Rooting Out Page-Load Problems
One recent event brought many sites to their knees: the death of pop icon Michael Jackson. Akamai reported an 11 percent spike in Internet traffic worldwide in the hour the news was breaking. 1Adotas.com, “Ad Networks, Not Websites, Choked on Michael Jackson News,” by Edward Barrera, July 1, 2009 Major news outlets that are followed in the Keynote Performance Index saw their availability plummet as low as 10 percent. The Los Angeles Times, Jackson’s hometown news site, had significant problems.
Analysis revealed, however, that in a number of cases, it was not the site’s inability to handle the surge of traffic, but rather the inability of the third-party servers delivering ads to the sites to keep up with the demand. Pages froze as they waited for the ads to load. And users had to wait for their news, if they got it at all.
The Michael Jackson story is a dramatic example, but third-party content can eat away at site performance every day. Ads can be notoriously slow to load, but ads are not the only culprit. Twitter feeds, linked content from other sites, page assets delivered by content delivery networks, even Google analytics embedded in pages — all can slow a site down to uncompetitive, if not unacceptable levels.
You can’t have a media site without video, and apparently, if a little video is good, a lot of video is better. It’s the heart and soul of entertainment sites. It’s de rigueur for the broadcast news networks. And the Web has given traditional print journalism brands the opportunity to compete on broadcast journalism’s video turf. New technology has made it almost as easy to shoot, edit and post a video online as to prepare a written story with accompanying photos. Online media sites, with help from YouTube, have enabled a mass Web audience that prefers to watch rather than read.

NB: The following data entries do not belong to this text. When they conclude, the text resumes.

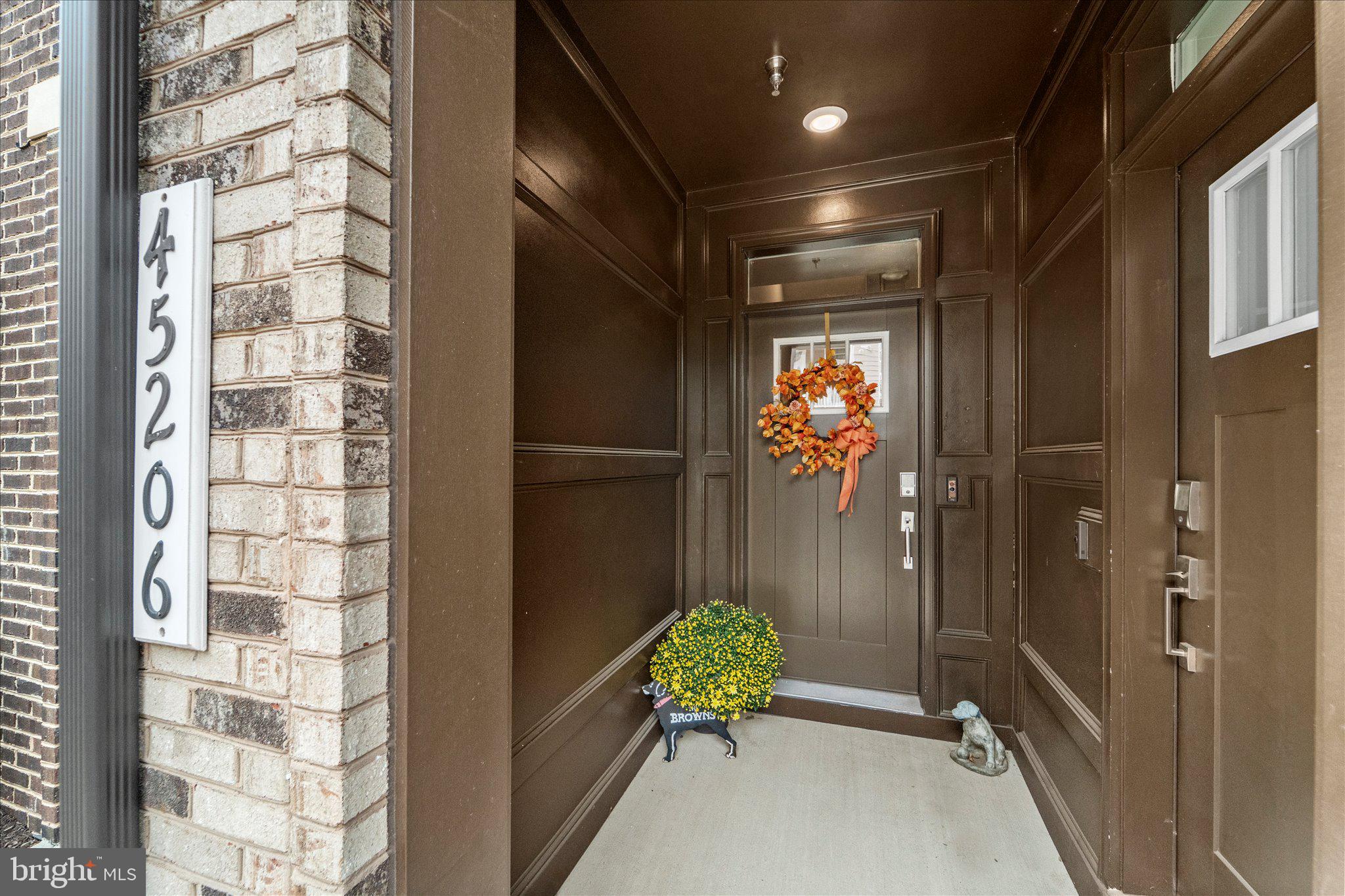 45206 Lettermore Square Sterling, VA 20166 - Photo 5 of 42 a lobby with furniture and a gate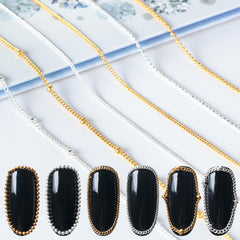JERCLITY chains applied on acrylic nails showing sleek metallic accents benefit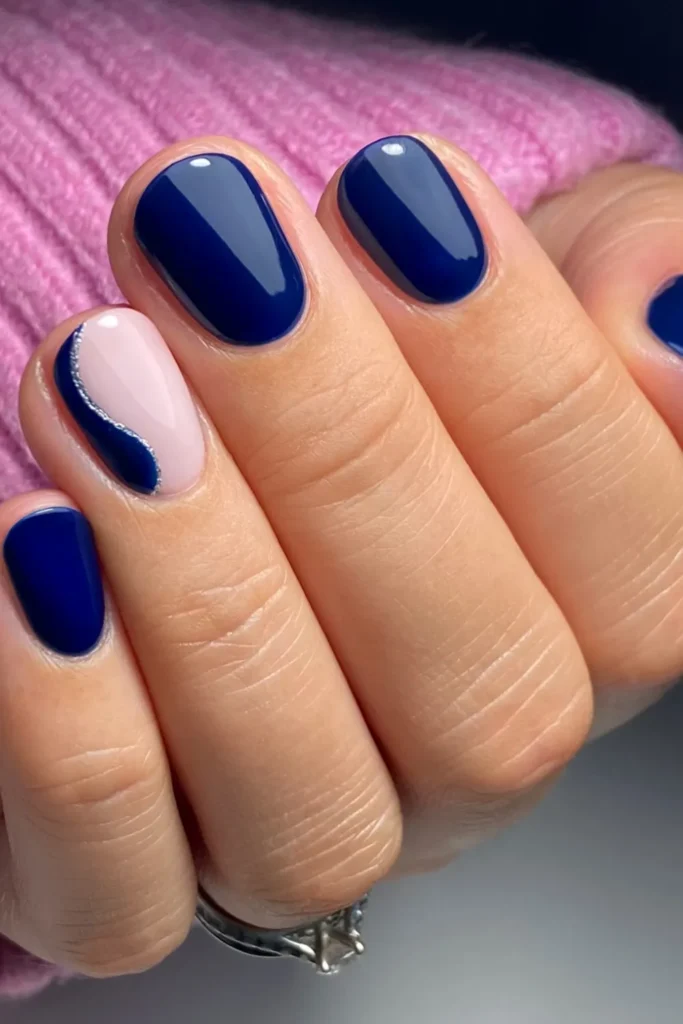 Short Blue Christmas Nails With a Silver Wave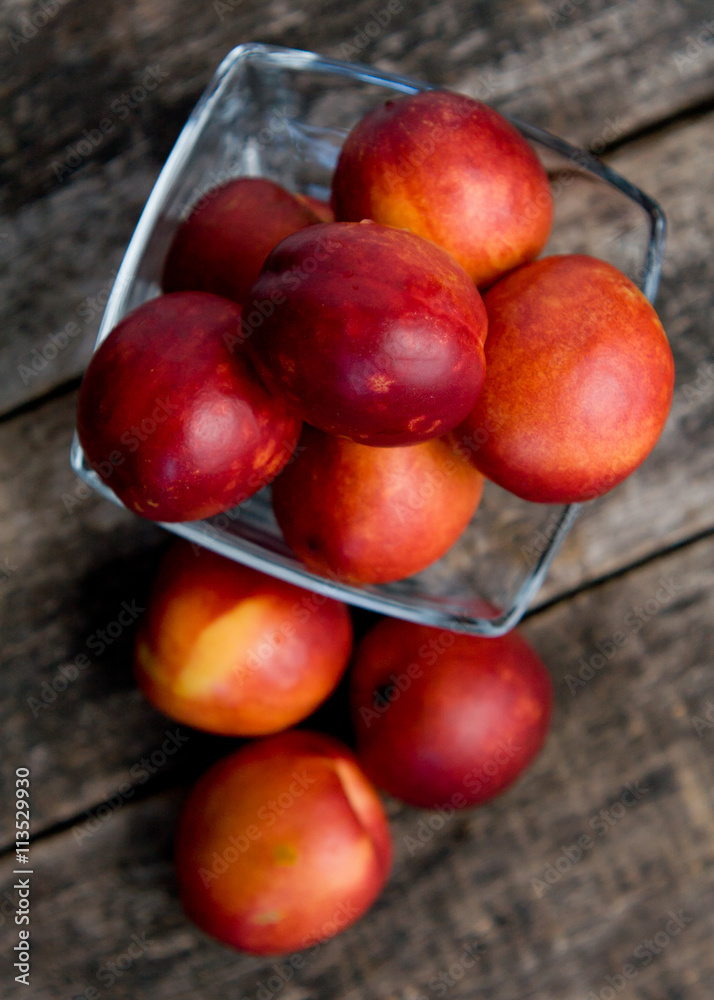 The simple food composition with nectarines on the unique backing closeup The simple food composition with nectarines on the unique backing closeup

There’s also no faster way to lose an audience than with a video stream that stutters and constantly stops to rebuffer. But again, monitoring streams from multiple servers or domains, and understanding actual end-user performance, is a significant test and measurement challenge.
Who’s on First? What’s on Second?
Site owners are more pressured than ever to deliver the fast, flawless experiences users now demand, and can often find at a competitor’s site. Monitoring and measuring their performance is no longer the simple task of measuring overall page load time. There’s really nothing a webmaster can do with the information that the site is running slow. Is it their own content? The CDN that’s pushing out their videos? The sister site that’s hosting their image library? The Flash banner promoting upcoming programming on their TV network? Or the ad network servers that supply the bulk of the site’s revenue? How does the site owner identify the bottlenecks, and gain actionable data to demand better performance from weak
providers in the content chain?
Measuring for Management
“When a site is being updated from different sources, you have to be able to figure out where your slowdowns are happening,” White explains. “Is it happening with a third-party ad? Is it with a Twitter or RSS feed? Is it with Flash or some other content that’s being uploaded?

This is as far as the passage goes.